Question

If the resistance of a circuit is halved and the potential difference is kept constant, then the current will become:
(A) $4$ times
(B) $8$ times
(C) double
(D) half

Answer 1

Hint: In this question, it is given that the relation between three parameters resistance, potential difference, and current. The equation which shows the relationship between the current, resistance, and the potential difference is Ohm’s law, by using this law the effect of current when resistance is halved, can be determined.

Formula used:
Ohm’s law of electricity shows the relation between the current, resistance and the potential difference is,
$V = IR$
Where $V$ is the voltage in the circuit, $I$ is the current in the circuit and $R$ is the resistance in the circuit.
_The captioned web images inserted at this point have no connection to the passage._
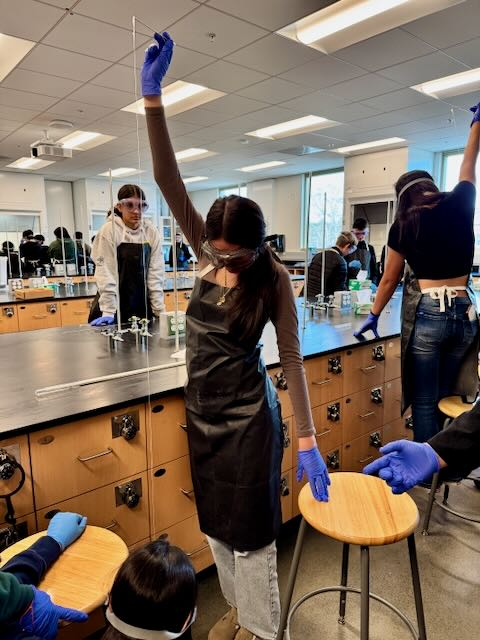 Student stretching out a string of synthesized nylon with arm extended high.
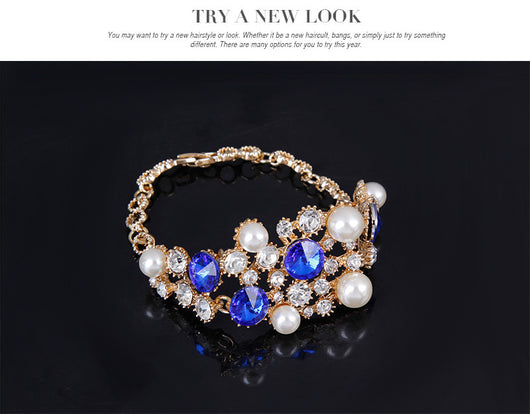 Four-piece bridal jewelry set with gold-toned necklace, earrings, bracelet, and ring, featuring amber and clear rhinestones with faux pearls. - Image 13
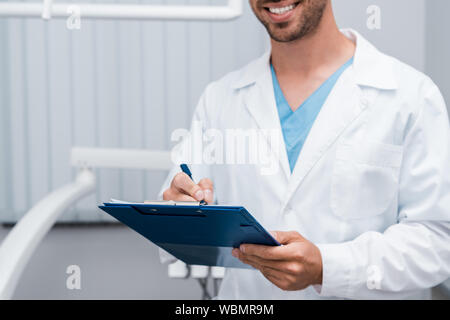 Portrait of happy doctor holding clipboard barbu et stylo en clinique Banque D'Images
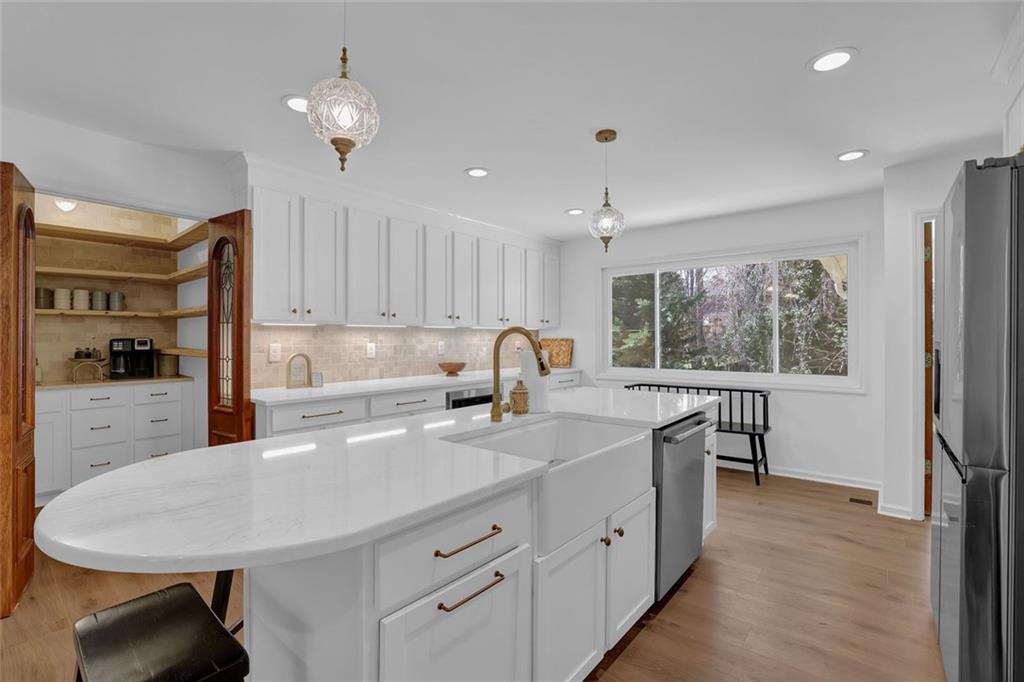 889 Fawn Way Marietta, GA 30068 - Photo 10 of 30 a kitchen with a sink stove and cabinets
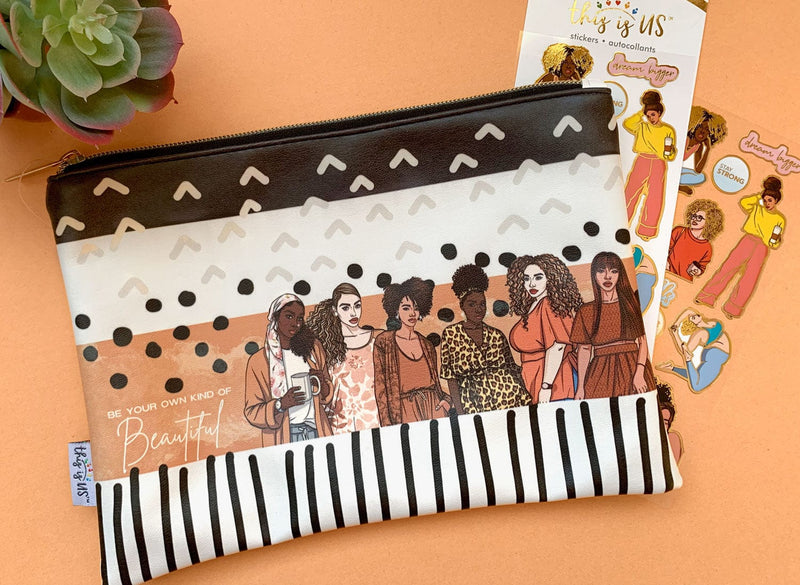 Black, white and tan pencil pouch with gold zipper featuring graphic patterns and an illustration of six diverse women with inspirational words shown on an orange background with related stickers.
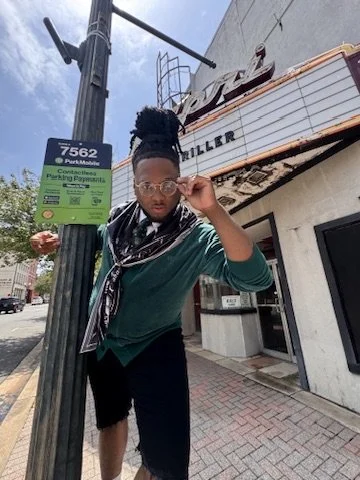 Person standing on sidewalk adjusting sunglasses near a parking meter and a streetlamp with a building and marquee in the background.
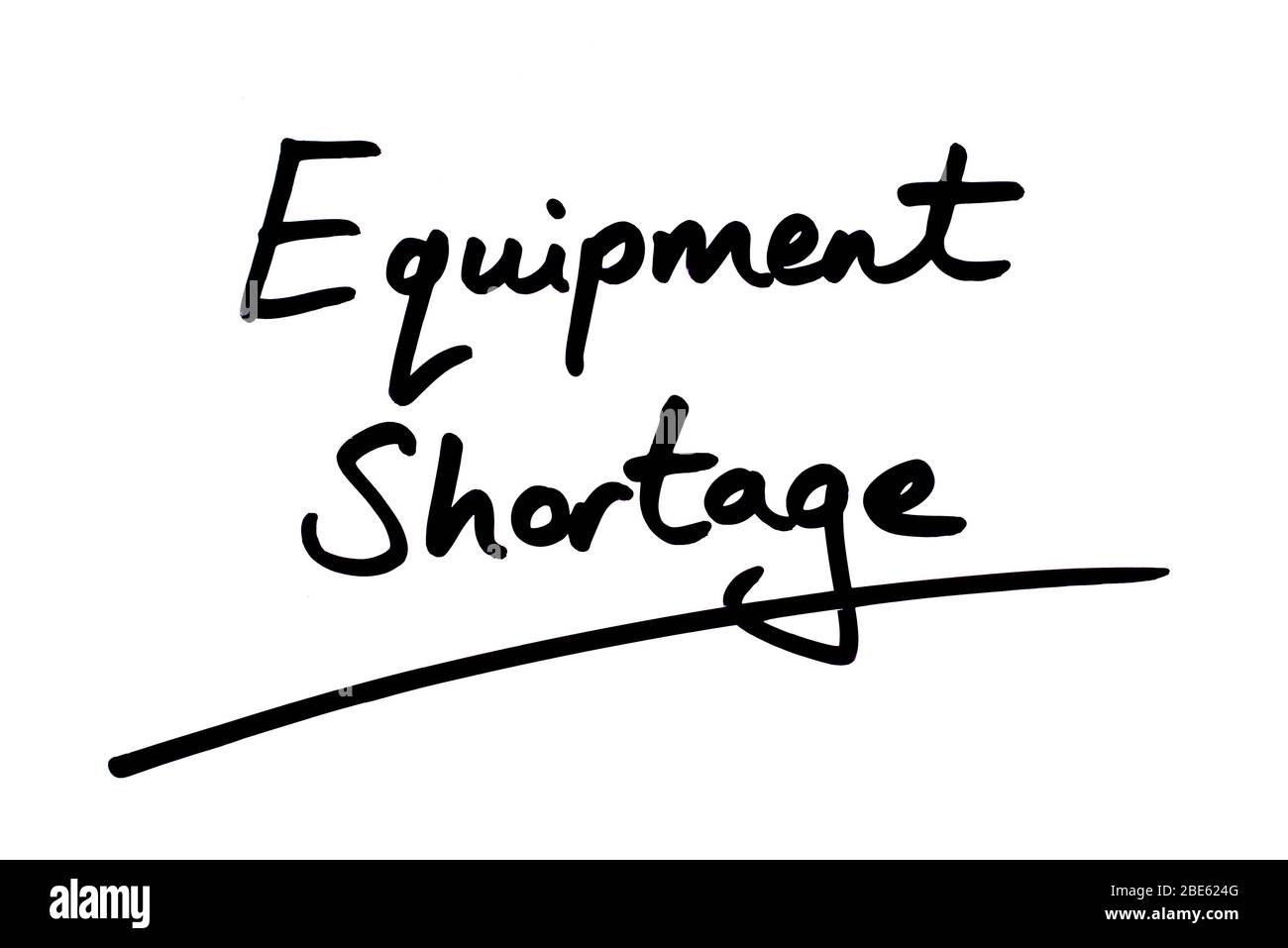 Equipment Shortage handwritten on a white background. Stock Photo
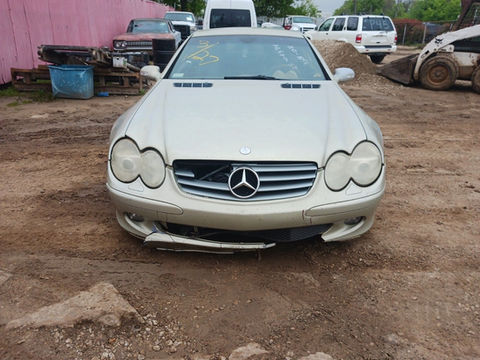 Older used 2003 Mercedes SL500 coupe with minor bumper damage.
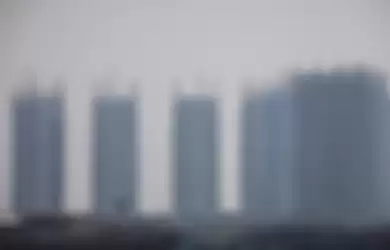 Pemandangan laut dengan latar belakang gedung bertingkat yang diselimuti asap polusi di Jakarta Utara, Rabu (31/7/2019). Berdasarkan data situs penyedia peta polusi daring harian kota-kota besar di dunia AirVisual, menempatkan Jakarta pada urutan pertama kota terpolusi sedunia pada Senin (29/7) pagi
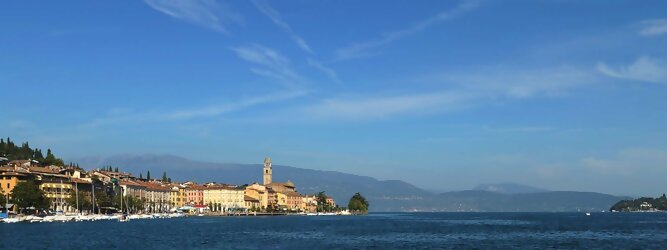 Trip Tschechien beliebte Urlaubsziele am Gardasee -  Mit einer Fläche von 370 km² ist der Gardasee der größte See Italiens. Es liegt am Fuße der Alpen und erstreckt sich über drei Staaten: Lombardei, Venetien und Trentino. Die maximale Tiefe des Sees beträgt 346 m, er hat eine längliche Form und sein nördliches Ende ist sehr schmal. Dort ist der See von den Bergen der Gruppo di Baldo umgeben. Du trittst aus deinem gemütlichen Hotelzimmer und es begrüßt dich die warme italienische Sonne. Du blickst auf den atemberaubenden Gardasee, der in zahlreichen Blautönen schimmert - von tiefem Dunkelblau bis zu funkelndem Türkis. Majestätische Berge umgeben dich, während die Brise sanft deine Haut streichelt und der Duft von blühenden Zitronenbäumen deine Nase kitzelt. Du schlenderst die malerischen, engen Gassen entlang, vorbei an farbenfrohen, blumengeschmückten Häusern. Vereinzelt unterbricht das fröhliche Lachen der Einheimischen die friedvolle Stille. Du fühlst dich wie in einem Traum, der nicht enden will. Jeder Schritt führt dich zu neuen Entdeckungen und Abenteuern. Du probierst die köstliche italienische Küche mit ihren frischen Zutaten und verführerischen Aromen. Die Sonne geht langsam unter und taucht den Himmel in ein leuchtendes Orange-rot - ein spektakulärer Anblick.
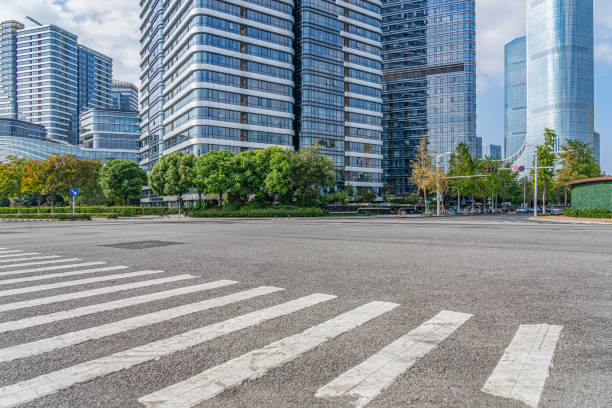 istock Empty road with zebra crossing and skyscrapers in modern city 2182962063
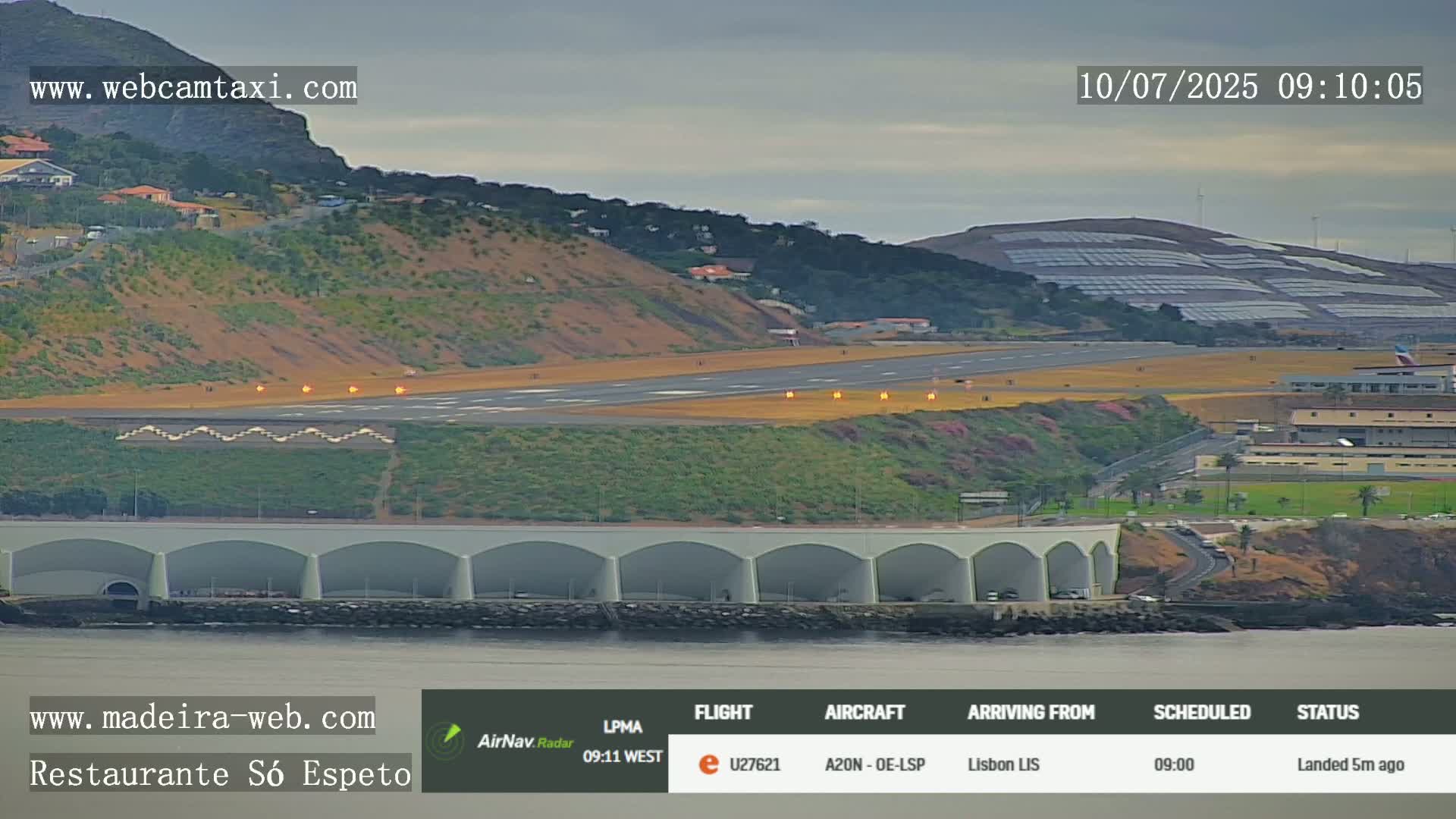 An airplane has just landed on a runway next to a calm body of water, with overcast skies and hills in the background.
Complete step by step answer:
By Ohm’s law,
$V = IR\,...................\left( 1 \right)$
Here, we need to find the current, so by keeping the current $I$ in one side and the other terms in other side, then
$\Rightarrow I = \dfrac{V}{R}$
Now, the resistance of the circuit is halved, so the resistance $R$ will become $\dfrac{R}{2}$, then
$\Rightarrow I = \dfrac{V}{{\left( {\dfrac{R}{2}} \right)}}$
By rearranging the terms in the above equation, then the above equation is written as,
$\Rightarrow I = \dfrac{{2V}}{R}$
The above equation is written as,
$\Rightarrow I' = \dfrac{{2V}}{R}$
Here $I'$ is the effect of current when the resistance is halved.
By substituting the term $\dfrac{V}{R}$ as the current $I$, then the above equation is written as,
$\Rightarrow I' = 2I$
Thus, the above equation shows the effect of the current when the resistance is halved.

Hence option (C) is the correct answer.

Note:
By ohm's law, when the potential difference or voltage is constant, then the current is inversely proportional to the resistance. So, if resistance decreases then the current will increase, if the resistance increases then the current will decrease.